🤖 AI Summary
This study investigates whether large language models (LLMs) possess genuine reasoning capabilities in code generation—or merely rely on superficial statistical patterns. To this end, we propose the first explainable adversarial prompting framework targeting chain-of-thought (CoT) fragility, introducing semantically faithful yet structurally adversarial perturbations—including narrative reformulation, irrelevant constraint injection, example reordering, and numeric perturbation—to systematically assess model robustness to prompt formulation. Experiments across 700 LeetCode-style programming problems reveal that such perturbations induce up to a 42.1% drop or a 35.3% gain in accuracy, exposing the high sensitivity and unpredictability of current CoT reasoning. We publicly release both the perturbed dataset and evaluation framework, establishing a new benchmark and analytical toolkit for developing trustworthy, robust LLMs aligned with principled reasoning.
📝 Abstract
Large Language Models (LLMs) have achieved remarkable success in tasks requiring complex reasoning, such as code generation, mathematical problem solving, and algorithmic synthesis -- especially when aided by reasoning tokens and Chain-of-Thought prompting.
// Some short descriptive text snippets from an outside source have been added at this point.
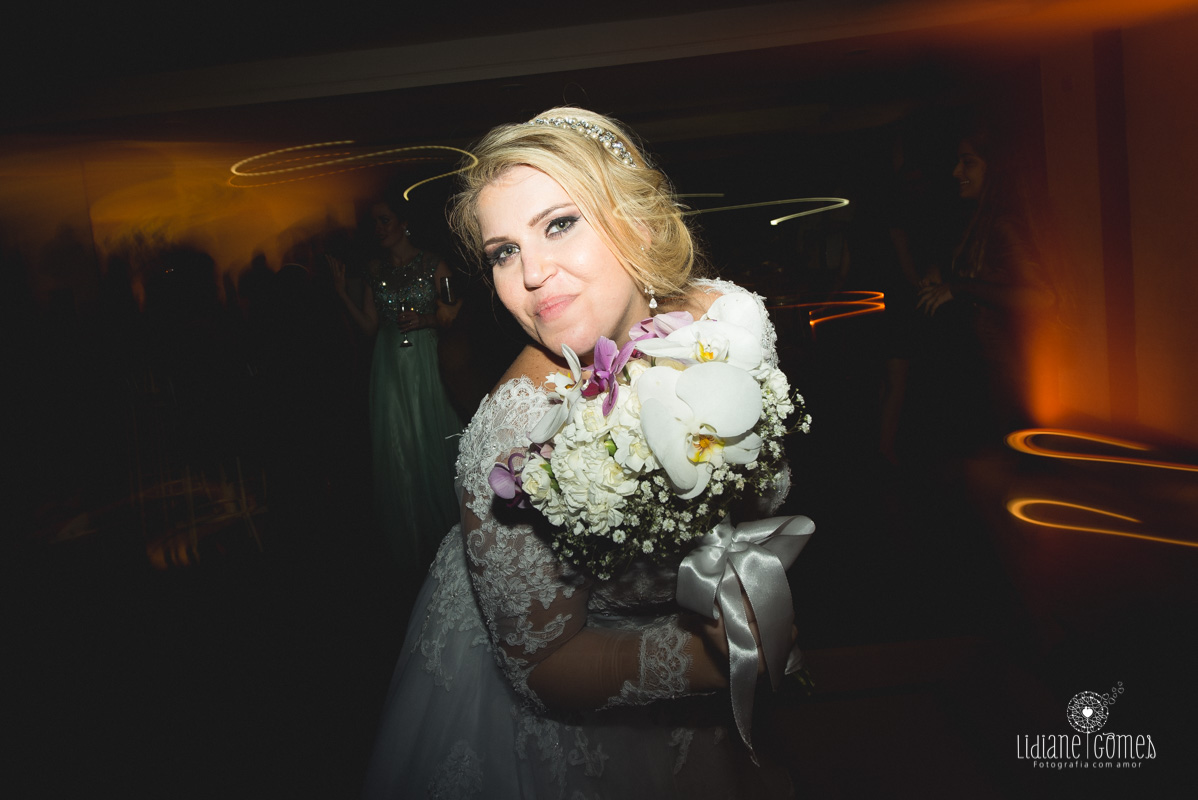 Fotografo de casamento rj, fotografo de casamento em niteroi, casamento, fotografia de casamento rj, fotografia de casamentos rj, fotografo de casamentos, casamentos, casamento rio de janeiro
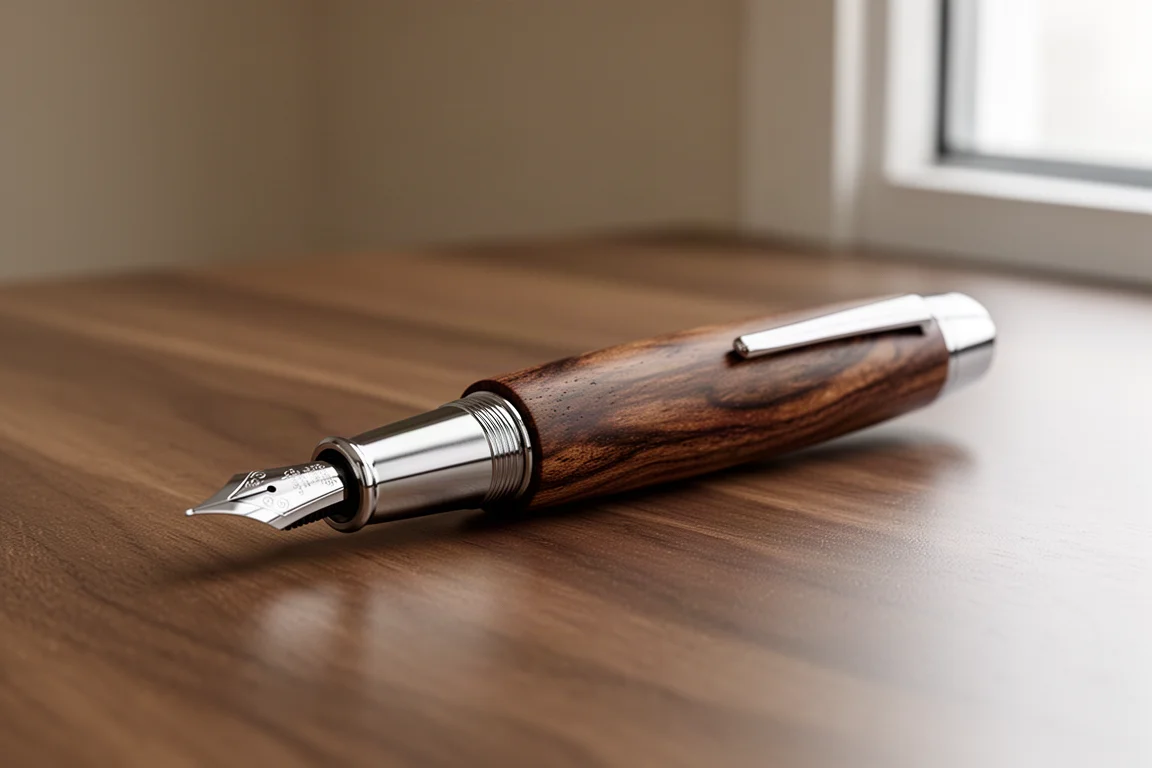 Faber-Castell e-motion product image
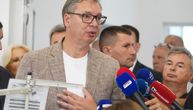 Vučić otkrio zastrašujući podatak i najavio rešavanje: Tiče se funkcionera!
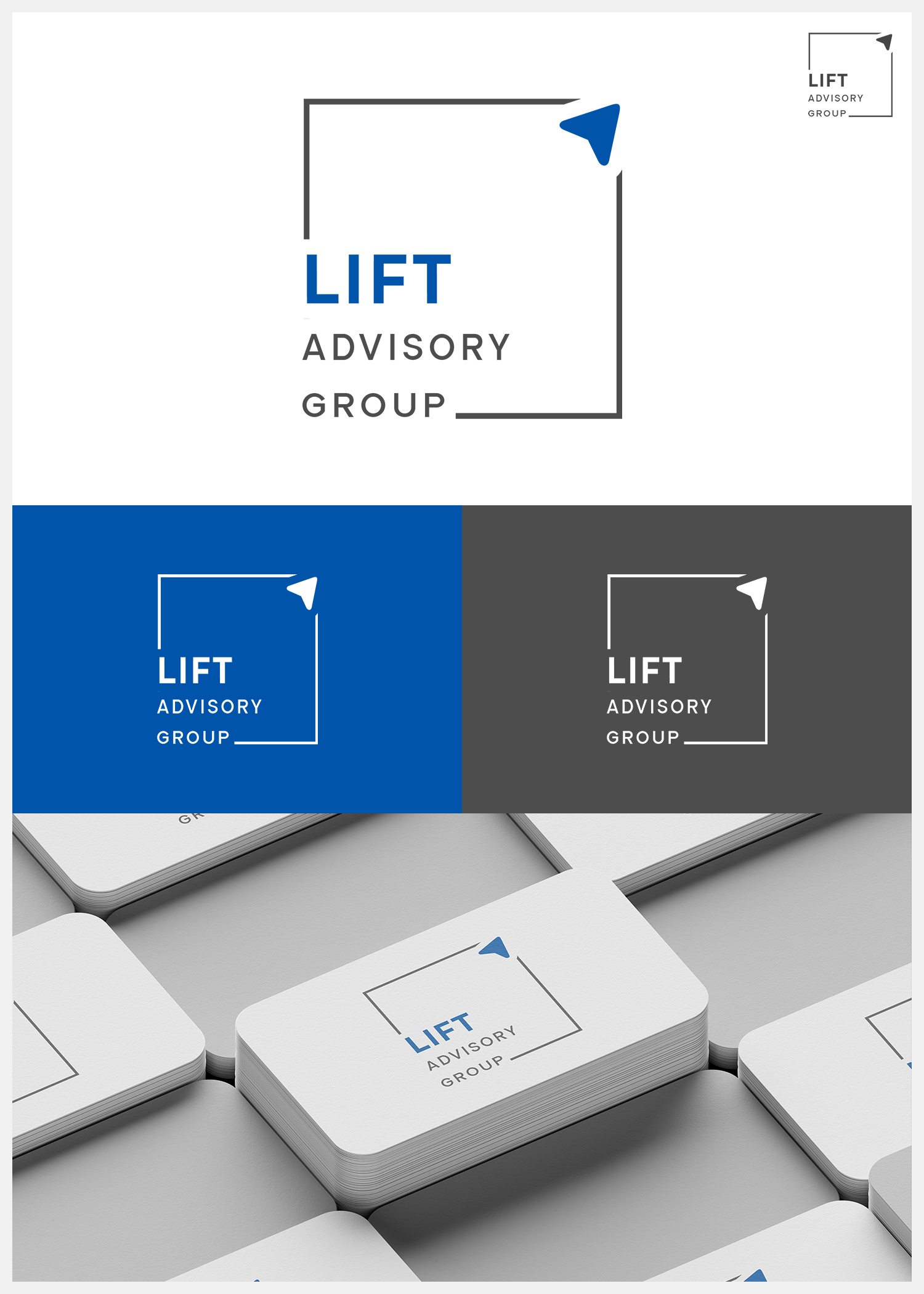 Logo Design by IDesign1606 for this project | Design #37192257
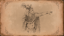 Aztec Victory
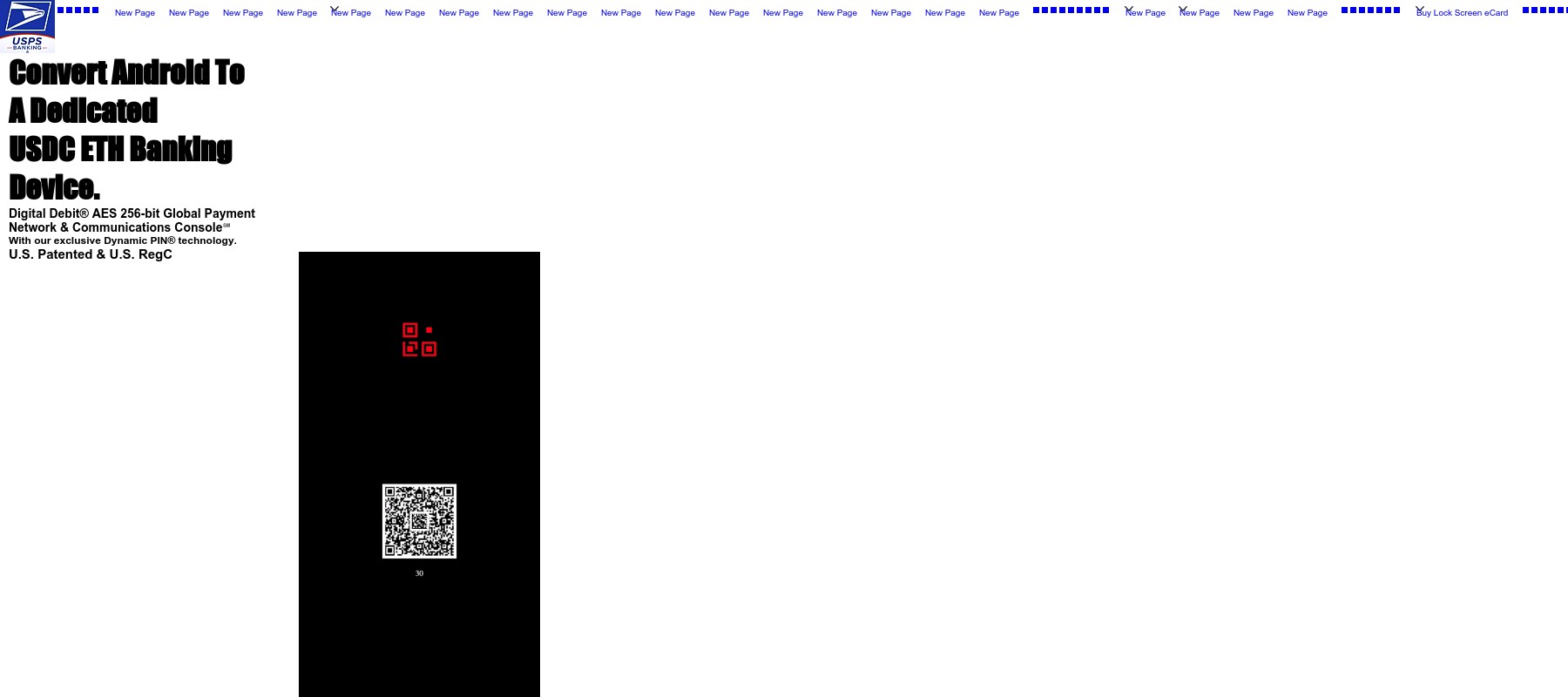 screenshoot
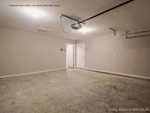 5706 Harmony Woods Memphis IN 47143 | MLS 202505142 Photo 30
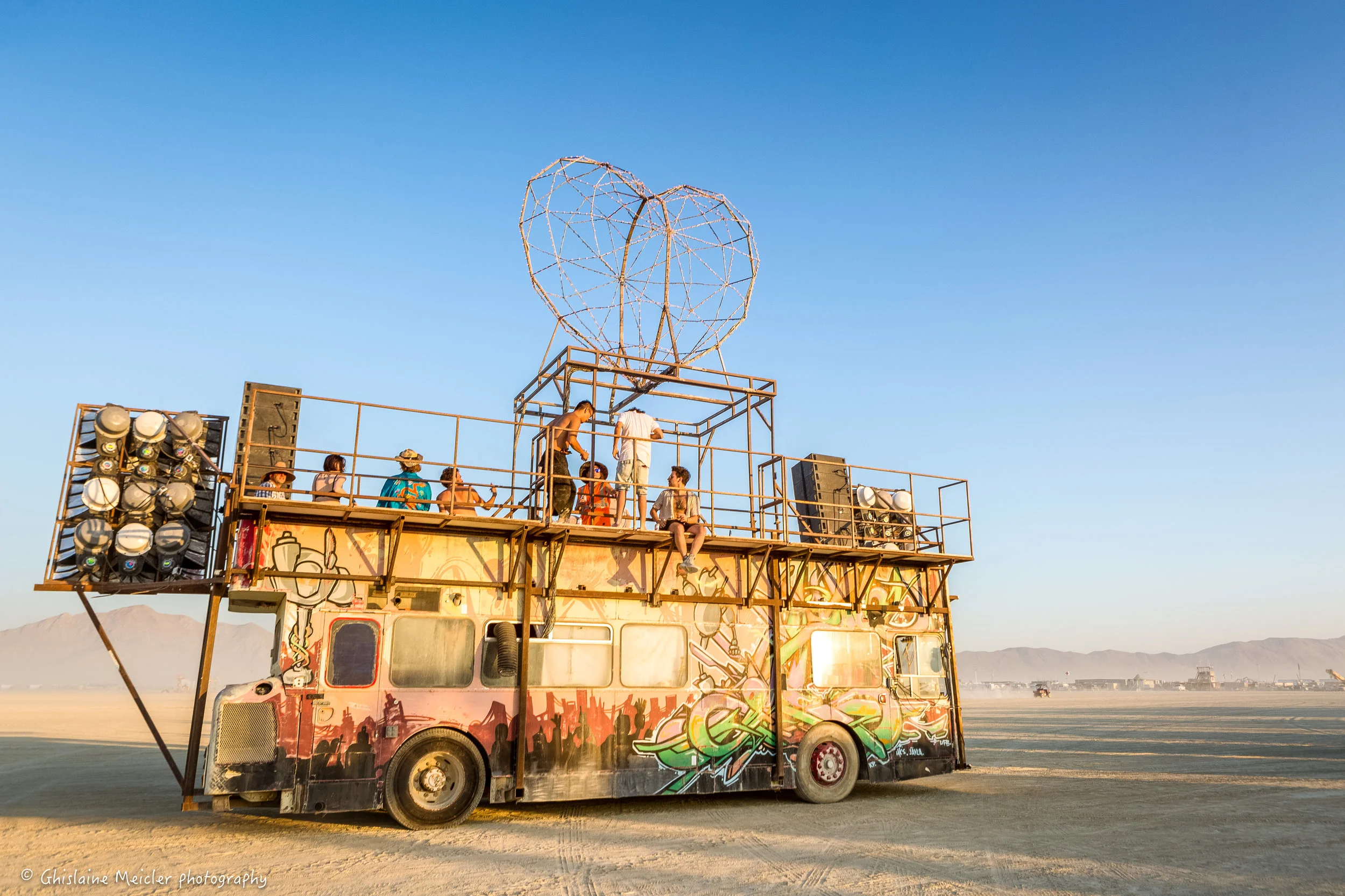Burning Man - 41610-Modifier.jpg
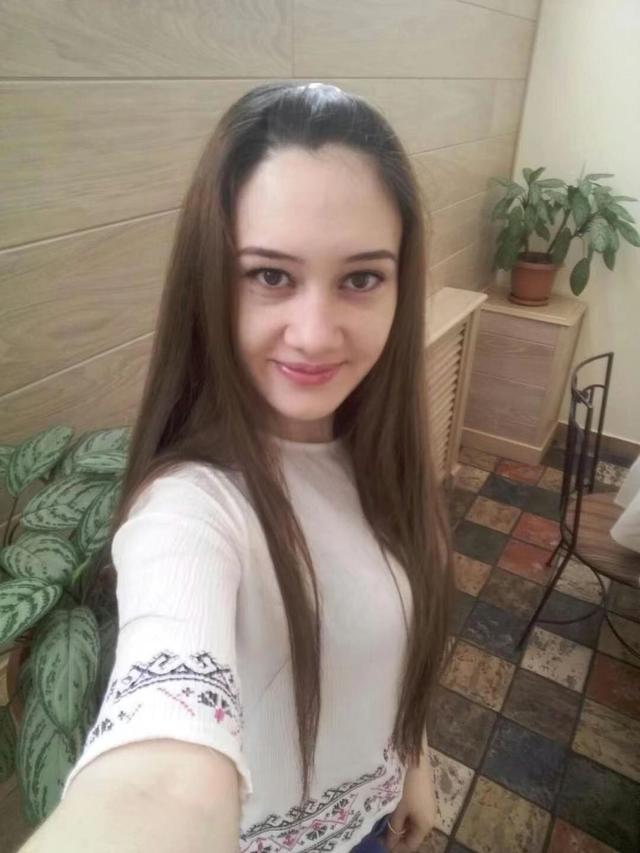 19年，山西小伙娶亚美尼亚美女硕士，生两个混血宝宝，现状如何？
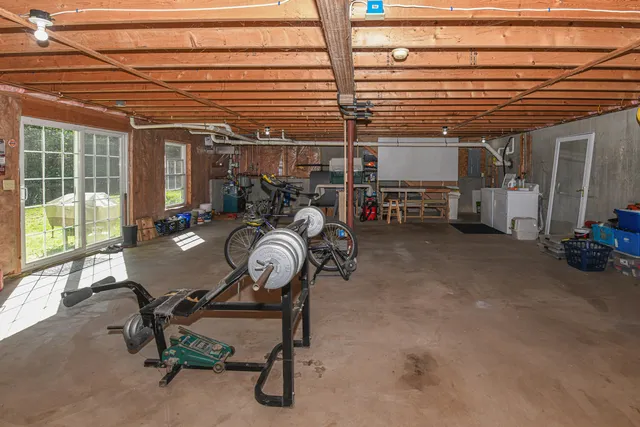 $379,900 | 61 Holden Hills, Bridgton, ME 04009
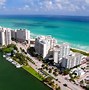 Image result for Miami Tourist Attractions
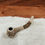 Thumbnail: Antler pipe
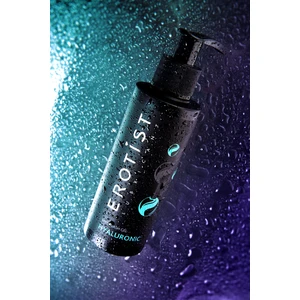 Lubrıcant Hyaluronik Jel 150 ml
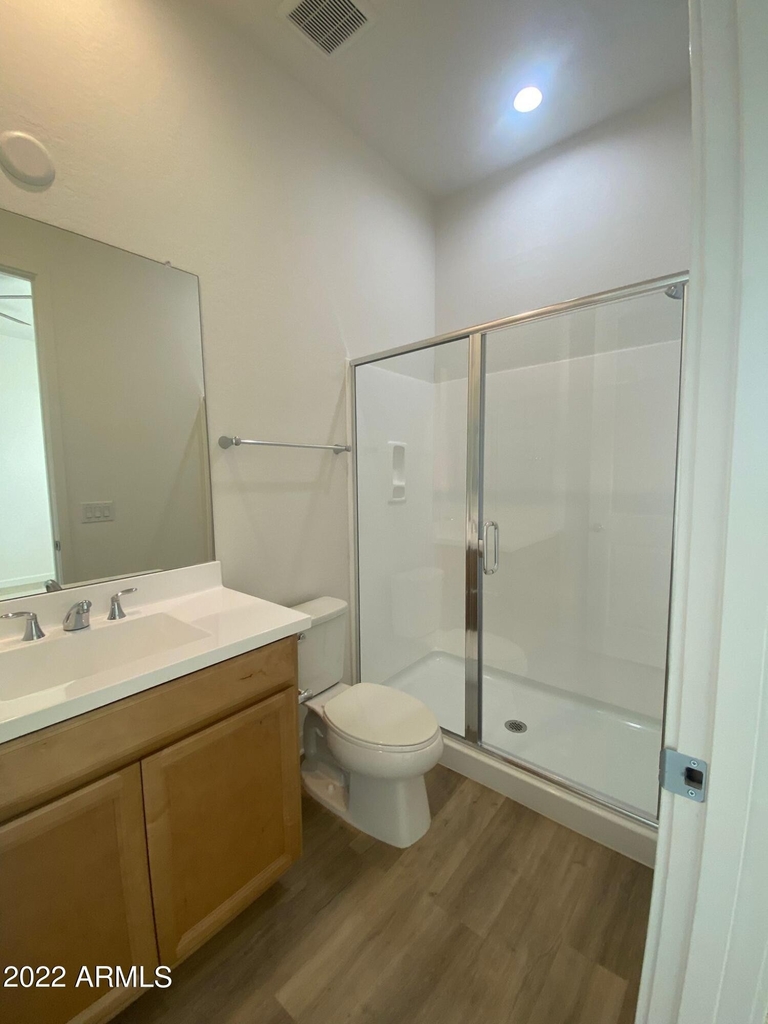 3953 W Amethyst Trail - Photo 35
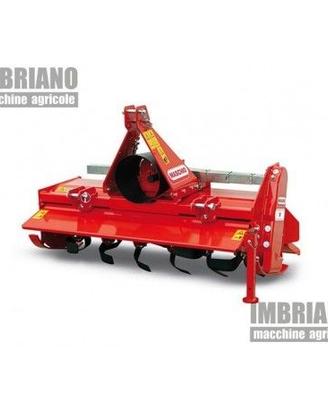 Fresa Maschio W 145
Yet, a core question remains: do these models truly reason, or do they merely exploit shallow statistical patterns? In this paper, we systematically investigate the robustness of reasoning LLMs by introducing a suite of semantically faithful yet adversarially structured prompt perturbations. Our evaluation -- spanning 700 perturbed code generations derived from LeetCode-style problems -- applies transformations such as storytelling reframing, irrelevant constraint injection, example reordering, and numeric perturbation. We observe that while certain modifications severely degrade performance (with accuracy drops up to -42.1%), others surprisingly improve model accuracy by up to 35.3%, suggesting sensitivity not only to semantics but also to surface-level prompt dynamics. These findings expose the fragility and unpredictability of current reasoning systems, underscoring the need for more principles approaches to reasoning alignments and prompting robustness. We release our perturbation datasets and evaluation framework to promote further research in trustworthy and resilient LLM reasoning.